Einen weiteren Hinderungsgrund für die Ansiedlung bestimmter Einzelhändler in der Innenstadt bringt der Hauptgeschäftsführer des HBB, Nils Busch-Petersen, ins Gespräch. Viele Geschäfte seien schlicht zu klein. „Da kann man nicht viel machen, aber gerade internationale Ketten kommen unter einer bestimmten Größe nicht, auch wenn die Lage attraktiv ist“, erklärt er.
Wirtschaftsförderer Frerichs kennt dieses Problem schon lange. „Man nennt als Faustgröße für große Modeketten oft 2000 Quadratmeter Verkaufsfläche, davon sind die meisten Läden in der Innenstadt weit entfernt“, sagt er. In diesem Bereich sei die Entwicklungsmöglichkeit stark begrenzt – Stichwort Denkmalschutz.

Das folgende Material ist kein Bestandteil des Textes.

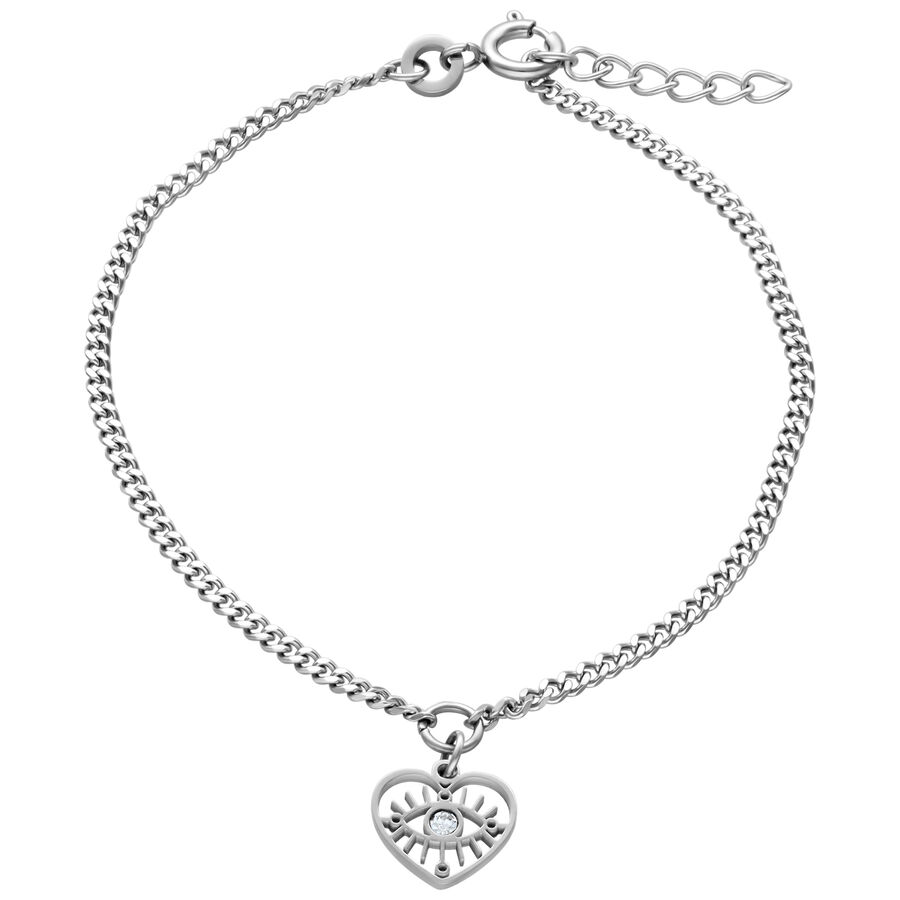 Delicato bracciale d'argento con ciondolo a cuore e cristallo chiaro, chiusura regolabile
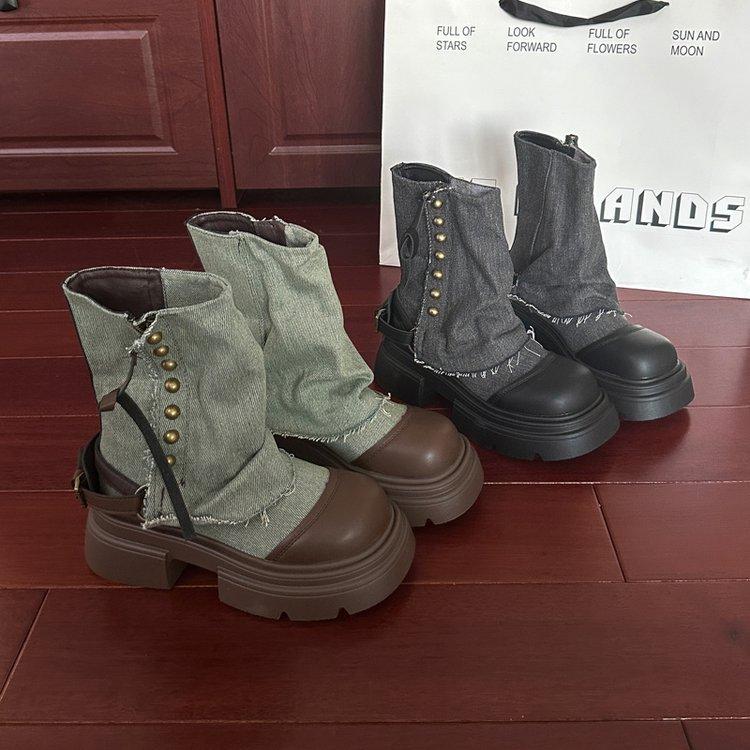 British style platform Martin boots women's 2025 autumn new versatile explosion western casual cowboy short boots children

Man habe die Möglichkeiten zum Zusammenlegen mehrerer Läden hinter der Fassade geprüft. In einigen Fällen hat das auch geklappt, so bei den Filialen der Ketten C&A und H&M in der Brandenburger Straße. In den meisten Fällen kann die Stadt sowieso nur beratend wirken. „Wir sind auf die Mitarbeit der Besitzer angewiesen“, appelliert Frerichs.